3. Use “site:” and “intitle:” to reverse engineer competitor focus
You do not need paid keyword exports to map what a competitor is betting on.
Pick your top 3 competitors (that you found from GSC or SERPs, like @shizuka suggested) and in Google:
site:competitor.com intitle:'best'site:competitor.com intitle:'vs'site:competitor.com 'how to'site:competitor.com 'review'
This gives you:
- Their money pages (best, vs, review)
- Their top-of-funnel tutorial content (how to)
You then:
- List all topics where:
- They have content
- The current SERP shows at least one weak result
- Ignore exact volumes. Prioritize:
- Clear problem / product fit
- Pages where you can be more specific or local
No third party tool, just advanced operators.
4. Copy their format, not just their keyword
This is where I politely disagree a bit with only thinking in terms of topics vs keywords.
You still want to notice format patterns:
- Are “comparison tables” dominating your niche?
- Are “X vs Y vs Z” posts ranking for tons of long tails?
- Are checklists / templates driving links?
Free tools do not show you this.
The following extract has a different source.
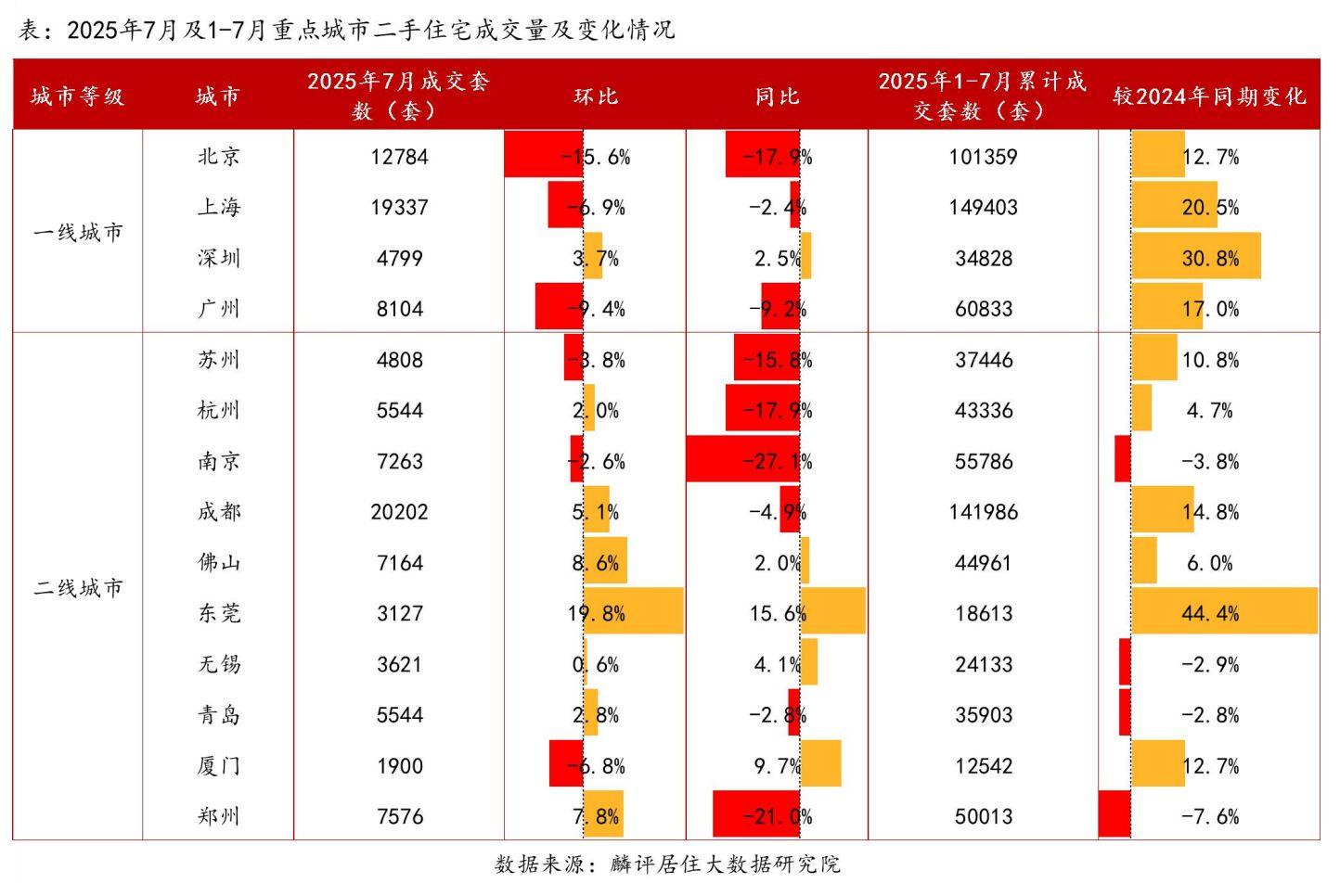 7月百城房价继续分化：新房结构性机会凸显 二手房或面临量价压力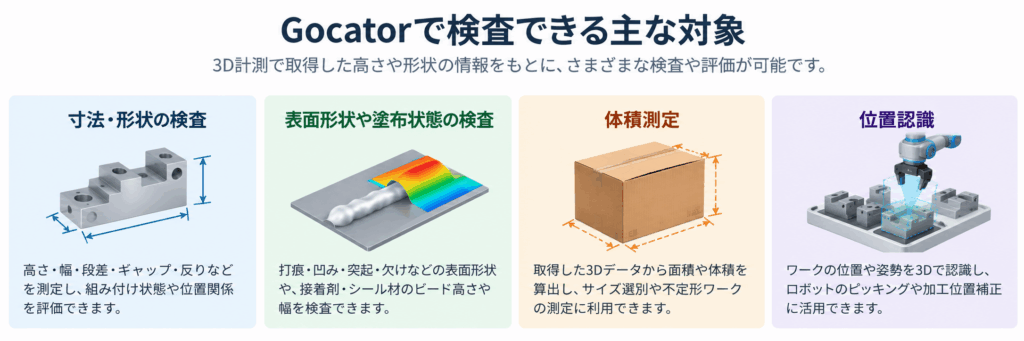 Gocatorの特徴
Manual pattern spotting does.
Workflow:
- Open top 10 results for a candidate topic.
- Note recurring patterns:
- List posts with numbers
- Very long guides
- Tool comparisons
- Short answers with strong FAQ schema
- If you see:
- Everyone using one format
- And one or two doing it obviously better
- But still horrible UX or out of date
Then you have a shot at outranking with the same format, cleaned up and refreshed.
5. Competitor internal links as keyword hints
Something that tends to be underrated:
- Open one of your competitor’s bigger guides.
- Scroll to the internal links sections:
- “Related articles”
- “You might also like”
- In-content links they clearly want you to click
These are often their “priority topics” even if the pure volume is not huge.
You do not need a tool to:
- List all those internal link anchor texts
- Group them by theme
- Turn each cluster into your own:
- Hub page
- Support articles
This aligns with @shizuka’s content cluster point but tags onto it a different signal: how they internally promote it.
6. When you actually should not chase more data
The biggest trap in “best free tool for competitor keyword research” threads is this mindset:
“If I just find the right tool, I can skip the hard work.”
Reality with a tiny site and zero budget:
- You need a short list of topics you can absolutely crush.
- You do not need perfect volume or perfect keyword lists.
- You need clarity on:
- What your user wants
- What the current SERP fails at
- Why your version deserves to exist
Extra tools give you more noise more than signal.
Pros & Cons of relying on a “best free tool for competitor keyword research” mindset
Pros
- Forces you to:
- Be resourceful with free stacks (GSC, Keyword Planner, free-tier suites)
- Focus on strategy rather than shiny subscriptions
- Keeps costs literally at zero while you test what content actually moves traffic and leads.
Cons
- Free layers:
- Rate limit you
- Hide full data
- Are often inaccurate for small sites
- You will spend more time:
- Manually checking SERPs
- Copying ideas
- Validating topics
- At some point, once revenue allows, you will probably want at least one paid suite just to save time.
If you are absolutely forced to pick one “best free” approach:
- Use GSC as your base
- Add Google Ads Keyword Planner for some extra ideas
- Layer manual SERP analysis +
site:operators for competitor mining
Everything else is basically supporting cast.